'''

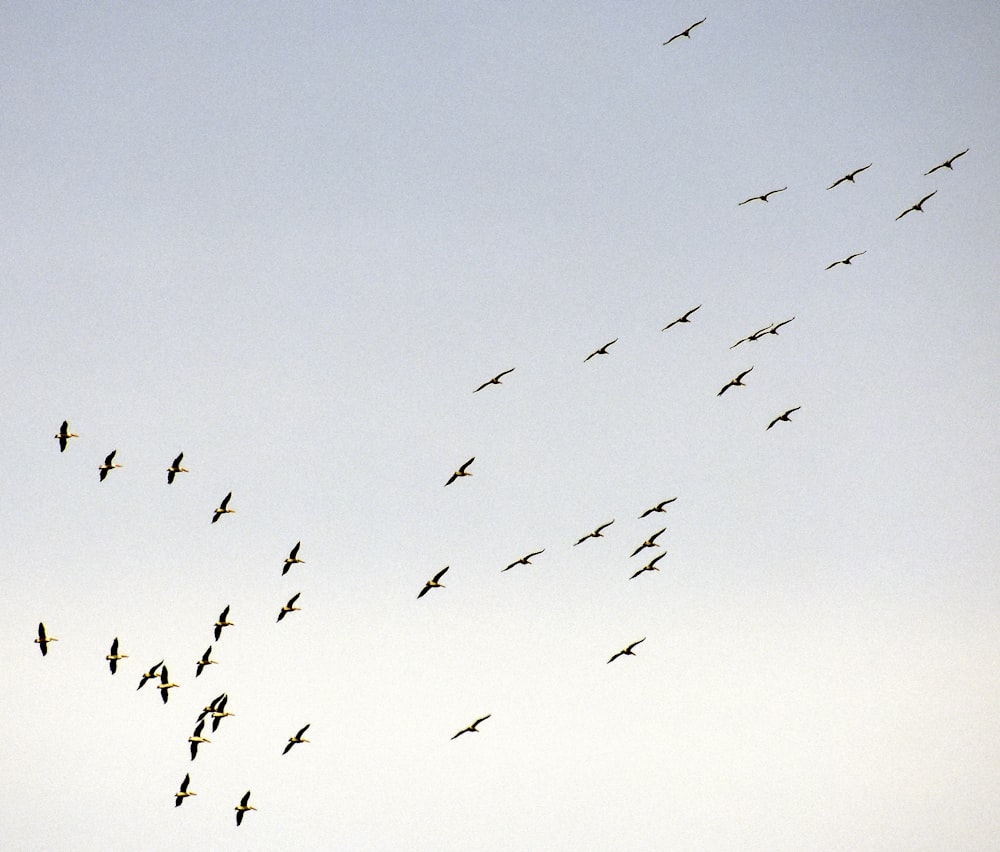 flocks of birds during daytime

'''
'''

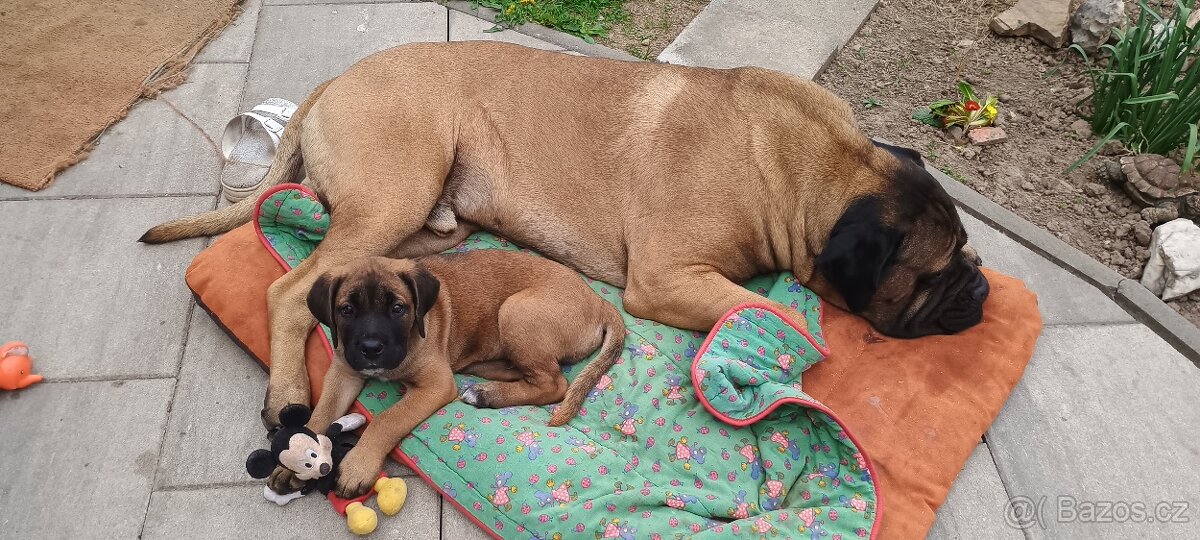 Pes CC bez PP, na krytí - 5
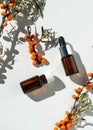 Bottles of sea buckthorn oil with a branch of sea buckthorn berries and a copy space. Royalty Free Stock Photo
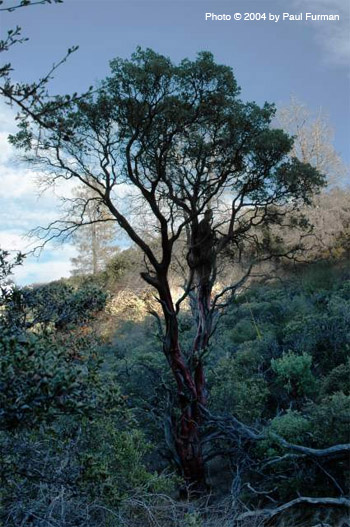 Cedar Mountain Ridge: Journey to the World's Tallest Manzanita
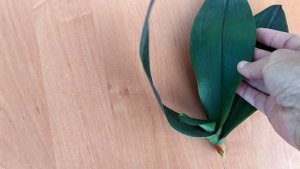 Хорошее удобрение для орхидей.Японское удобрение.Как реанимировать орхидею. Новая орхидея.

'''

- [WHAT THE TASK ASKS]
Exactly the lines starting at the one above with "Bottles of sea" and ending at the one with "Хорошее удобрение для" should be printed, and nothing else. Omit the pictures.

- [ANSWER SPACE]
 Bottles of sea buckthorn oil with a branch of sea buckthorn berries and a copy space. Royalty Free Stock Photo
 Cedar Mountain Ridge: Journey to the World's Tallest Manzanita
 Хорошее удобрение для орхидей.Японское удобрение.Как реанимировать орхидею. Новая орхидея.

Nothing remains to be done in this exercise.